# Latin by the Dowling Method



## SemperEruditio (Jun 2, 2009)

Is this worth the effort? It sounds like it might be but.... Anyone use this or heard about it?
Latin by the Dowling Method


> Latin by the Dowling Method
> 
> 
> 
> ...


----------



## CharlieJ (Jun 2, 2009)

It sounds like marketing hype. Although, he's right that a good amount of paradigm memorization is necessary for any language. I like Latin for Americans, which is a very nice inductive textbook series that focuses heavily on learning by reading and incremental steps. They have Latin for Americans, Lingua Latina, Wheelock, and the Cambridge Latin Course at BJU. I've looked through them all and like Latin for Americans the best. Of course, my opinion is only that of a student evaluating for ease of use.


----------



## SemperEruditio (Jun 2, 2009)

There's nothing to buy. The method is what is posted. Essentially you:

_"(1) learn a few simple concepts necessary for understanding Latin grammar -- what the "case" of a noun is, for instance -- then 

(2) sit down and systematically learn the main categories of Latin grammar by "brute memorization," and 

(3) begin reading a direct-method Latin reader entitled Lingua Latina, doing all the end-of-chapter exercises and making sure you understand every word of every sentence."_


----------



## CredoFidoSpero (Jun 3, 2009)

Sounds like you have to at least buy Lingua Latina .

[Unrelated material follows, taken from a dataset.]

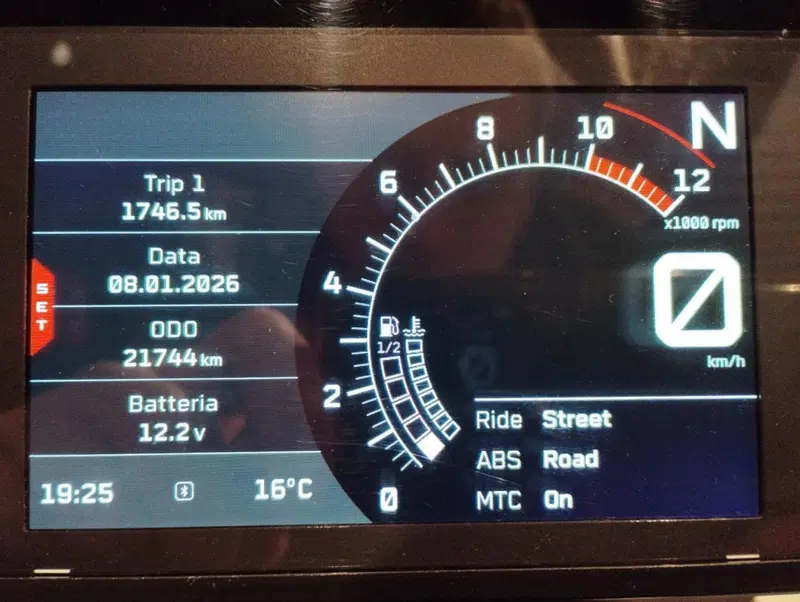 KTM 890 Adventure L (2022) (7)
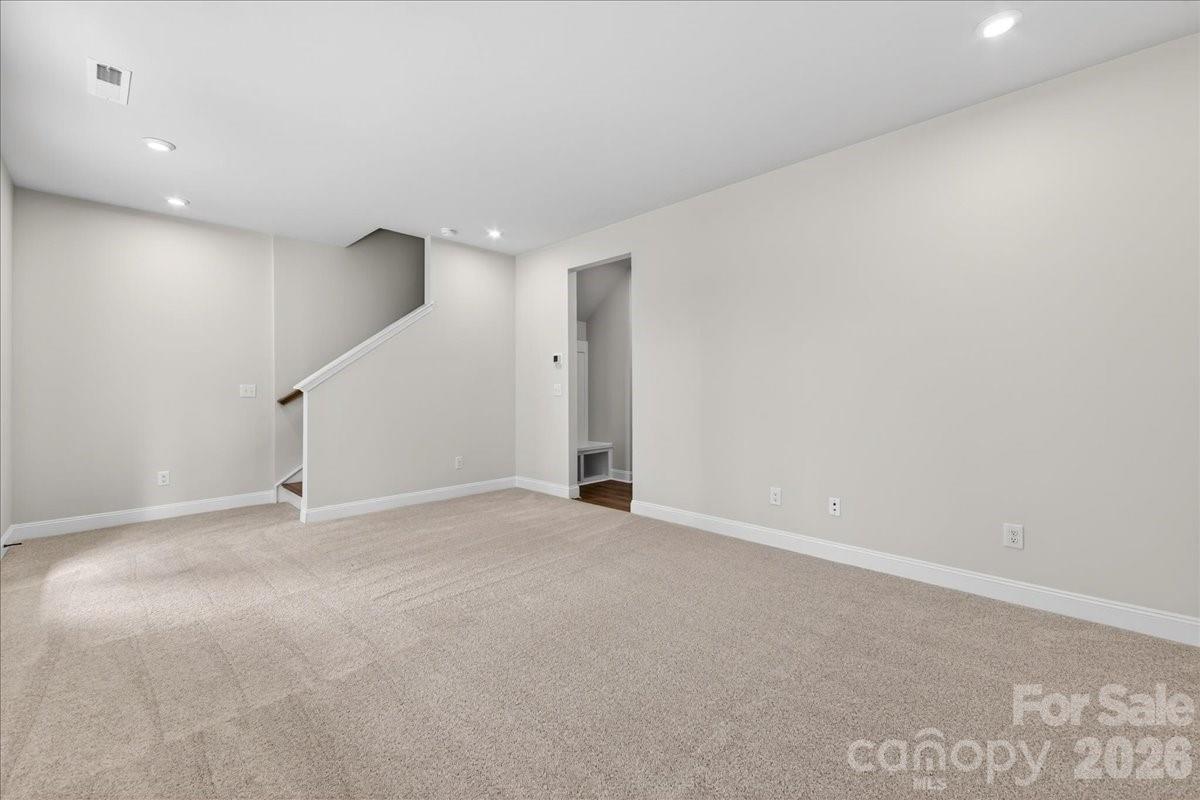 7929 Cedarsmith Court Property Photo 7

I don't think this would be a bad way to go, although, it seems to me that _any _method will work if you study 30 minutes every day and use any 'dead time' for memorizing forms, as he suggests.

This seems to be in between 'Rosetta Stone' type learning and traditional, grammar-intensive learning. But I think determining what's best is somewhat dependent on the individual's learning style. Me, I want a lot of grammar up front. I get frustrated with even modern language courses that focus mainly on idiom and conversation. I _want_ to know the grammar. I learn languages faster and remember things better if I know the structures and rules behind it all. But, again, that may be just what's best for me.


----------



## CharlieJ (Jun 3, 2009)

I'm not sold on the method. I think it runs quite counter to modern language acquisition theory. BJU (which has an excellent ancient language department) employs a heavily deductive methodology like the one described. The result is that about 50% of Greek 101 students drop the class or fail. 

On the other hand, I learned Hebrew through an inductive method (Yale curriculum - Hoffer, Kittle). In an inductive system reading takes precedence over memorization so that you learn by doing and remember better. Grammatical concepts are introduced through examples and exercises so that you literally build your knowledge of the system step by step. Inductive learning is also more fun - I went through about 5 lessons per day when I taught myself Hebrew.

Either way, you're going to have to learn the paradigms. But brute memorization is a highly inefficient method. It takes longer and doesn't transfer as well into reading ability. Inductive methodology is based on the way people actually learn their native languages. You spoke English (or whatever your first language is) reasonably fluently before you ever took "English" courses, but they helped clean up and polish your language skills. In the same way, second language learners should familiarize themselves with the language through actual use, THEN learn every single paradigm and exception. Some people like to know everything up front (like Ashley expressed, and I'm with her), but that's not the best way to learn.

See if your local library (or university library) has Latin for Americans.


----------